An 11-year-old gamer plays Fortnite in South Pasadena, California, last April. Photo: Neilson Barnard/Getty Images

The company behind the wildly popular video game franchise Fortnite, which is suing Apple over alleged anti-competitive practices, hired its first lobbyists this month to “monitor” antitrust issues in Washington, Lachlan also reports.

Why it matters: Epic Games’ case against Apple has potentially huge legal and financial stakes. The company’s decision to enlist K Street veterans with connections on both sides of the aisle indicates it is tuning into D.C., where both parties have railed against anti-competitive practices in the tech industry.

What’s new: Epic retained Subject Matter and three of its lobbyists, including co-founder Steve Elmendorf, a high-dollar Democratic fundraiser.

  • Also working with Epic is the Gibson Group and its eponymous principal, Joseph Gibson.
  • Both firms said in registration filings they would “monitor antitrust issues in the technology industry” on Epic’s behalf.

Go deeper.

6. The power tips of two former White House chiefs

President Obama speaks as Jack Lew replaces Bill Daley as White House chief of staff on January 2012. Photo: Jewel Samad/AFP via Getty Images

It would take a lot to teach Biden and Ron Klain something new about how to wield political power, but two former White House chiefs of staff offered tips to Axios' Hans Nichols that can apply to both the new administration and new Congress.

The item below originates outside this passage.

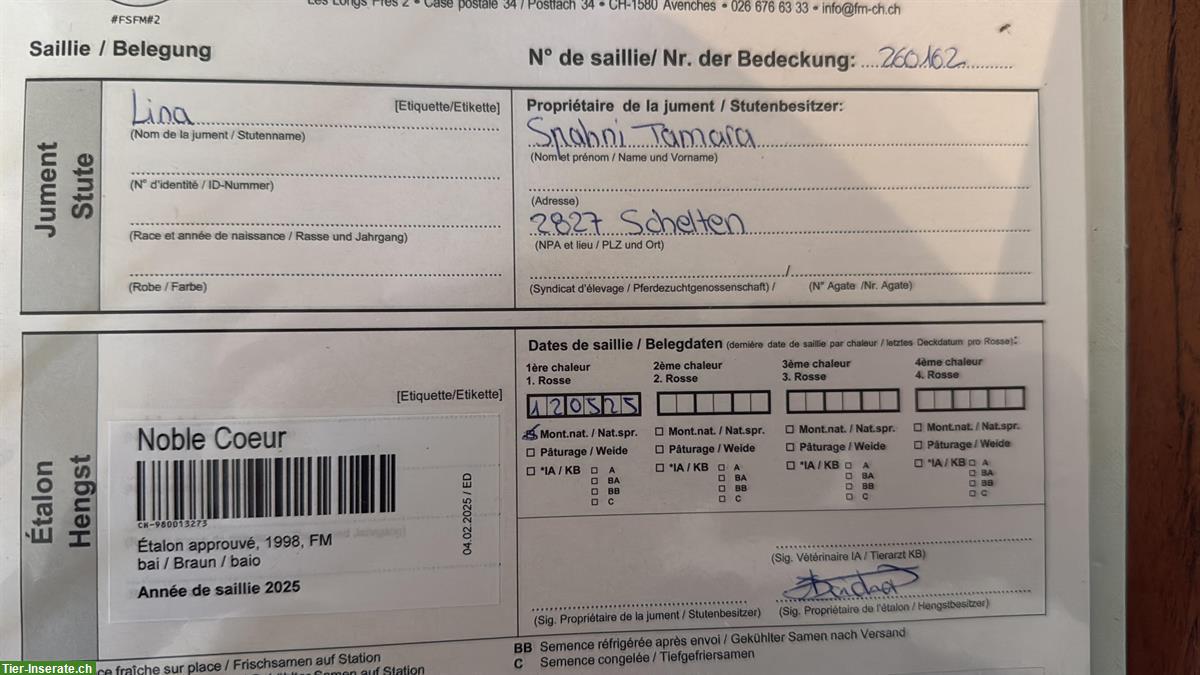 Bild 6: Tragende Freiberger Stute zu verkaufen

Why it matters: If there's a currency in This Town, it's power, so we've asked several former Washington power brokers to share their best advice.

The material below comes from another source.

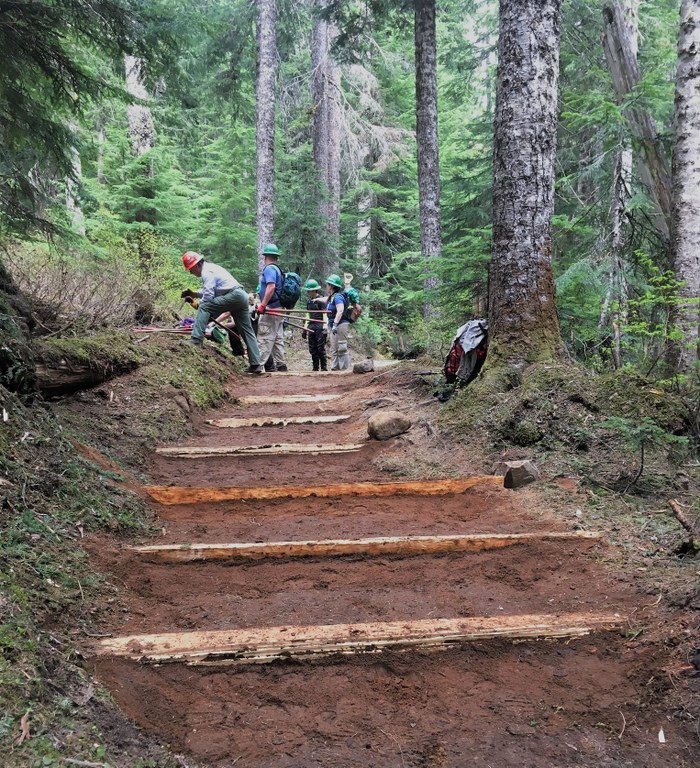 A series of check steps along the Carter Falls section of the Wonderland Trail.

What they are saying: Jack Lew and Bill Daley, the former of whom replaced the latter, offer this advice.

Lew said, "A process must allow everyone to speak their minds, but once it runs its course, there can be no alternate paths to the president."

  • "It is not enough to admire a problem; you need to frame a solution."
  • "Always keep part of the team focused on long-term objectives, or the short term will capture everyone's energy."

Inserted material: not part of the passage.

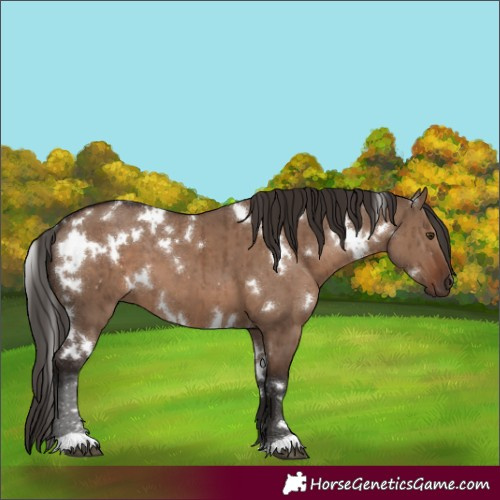 Horse Color:White Spotted Liver Red Dun Brindle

Daley echoed Aaron Burr in "Hamilton," saying, "Speak less. Listen more. And talk last.”

  • “You’ve got to know your own personal limits and the limitations of your power.”
  • “Understand what you’re trying to accomplish and then you have to game plan, and then try to figure out what are the levers of power, and, honestly, if you have control of them and how to use them.”
7. 📷 Pics du jour

Joe Biden is sworn in as the 46th president of the United States. Photo: Andrew Harnik/Pool/Getty Images

Kamala Harris is sworn in by Supreme Court Justice Sonia Sotomayor. Photo: Alex Wong/Getty Images
Kamala Harris and Doug Emhoff are announced onto the inaugural platform. Photo: Andrew Caballero-Reynolds/AFP via Getty Images
Joe and Jill Biden step onto the inaugural platform. Photo: Win McNamee/Pool/AFP via Getty Images
Lady Gaga sings the National Anthem. Photo: Patrick Semansky/Pool/AFP via Getty Images
Youth poet laureate Amanda Gorman recites a poem. She said in an interview that she hoped to be back in 2037 — taking the oath as president herself. Photo: Rob Carr/Getty Images
Joe Biden sits behind the Resolute Desk in the Oval Office for the first time as president before signing a series of executive orders. Photo: Jim Watson/AFP via Getty Images
Vice President Kamala Harris, standing in front of the seat occupied by the Capitol insurrectionists Jan. 6, swears in Raphael Warnock, Alex Padilla and Jon Ossoff (l. to r.) to the U.S. Senate. Photo: Via Senate TV

Two weeks to the day after one of the most tumultuous in our nation's history.

Thanks for turning to Sneak at the end of a memorable day. We'll be back Thursday night.